Two hours later, County Judge Danny Scheel woke David Ferguson, then news director at KGNB-AM radio.
“It was about 3 a.m. and he was saying we had to tell people to get out,” Ferguson, now communications manager for the city of New Braunfels, said of the upcoming evacuation orders.
Potters Creek Park was only recently expanded to add 10 new RV sites with electricity and seven screenhouses. This and five other parks operated by the Corps of Engineers were closed after some had already seen rising floodwaters — and the water kept rising.
Hornseth said at that time the county emergency operations center was operational and would remain so for several days. There was a rumor that the Corps would evacuate Sattler. Another rumor circulated in New Braunfels that the spillway would see a flow of 80,000 cfs later in the week. Brite, calling both broadcasts “absolutely untrue”, expressed outrage at “rumourmongers”.
Brite said that by the time the floodwaters hit Canyon Lake, the water would spill out into deep canyons. He used a bathtub analogy to explain how the weir would work.
“Put a cup of water in a full bathtub and a cup of water will come out. If you put a gallon in it, a gallon will spill out,” he said, describing the spillway as a backup item for the barrage.
“The capacity of the Guadalupe River channel below the dam is 12,000 cfs. There would have to be a lot of water feet for it to pass (over the spillway).

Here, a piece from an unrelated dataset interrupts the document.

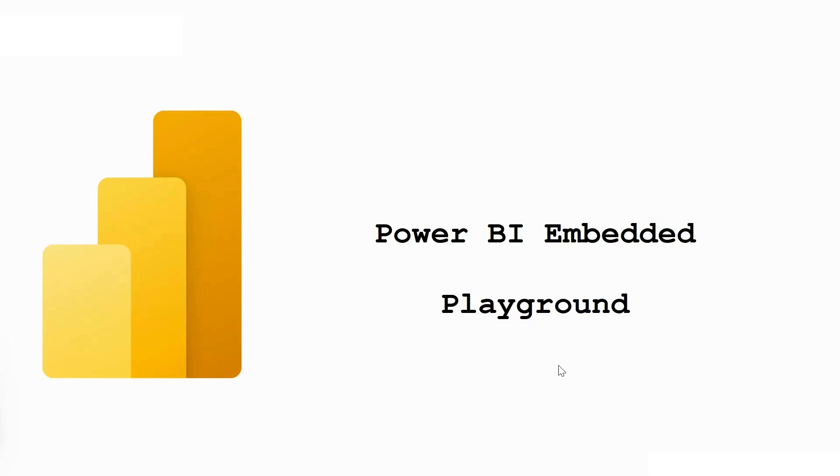In this session, we are going to talk about the Power BI Embedded Playground, a tool provided by Microsoft to help developers explore and understand the capabilities of embedding Power BI content into their applications.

The force of the water reached more than five times that. Horseshoe Falls, about a mile below Canyon Dam and the site of 19 deaths in the decades leading up to 2002, was wiped out.
“The water covered the entire subdivision,” Hornseth said.
Although no lives were lost here, people up and down stream were not so lucky during the week-long event, which left nine dead, damaged 50,000 structures and left 5,000 without. -shelter.
It took until August 10 for the Corps to reopen the gates of Canyon Dam, and more than a year before South Access Road and its bridge were rebuilt.
The flooding would drive the buyout of hundreds of homes in New Braunfels and surrounding communities that quickly exceeded the 100- and 500-year floodplain boundaries used to insure them.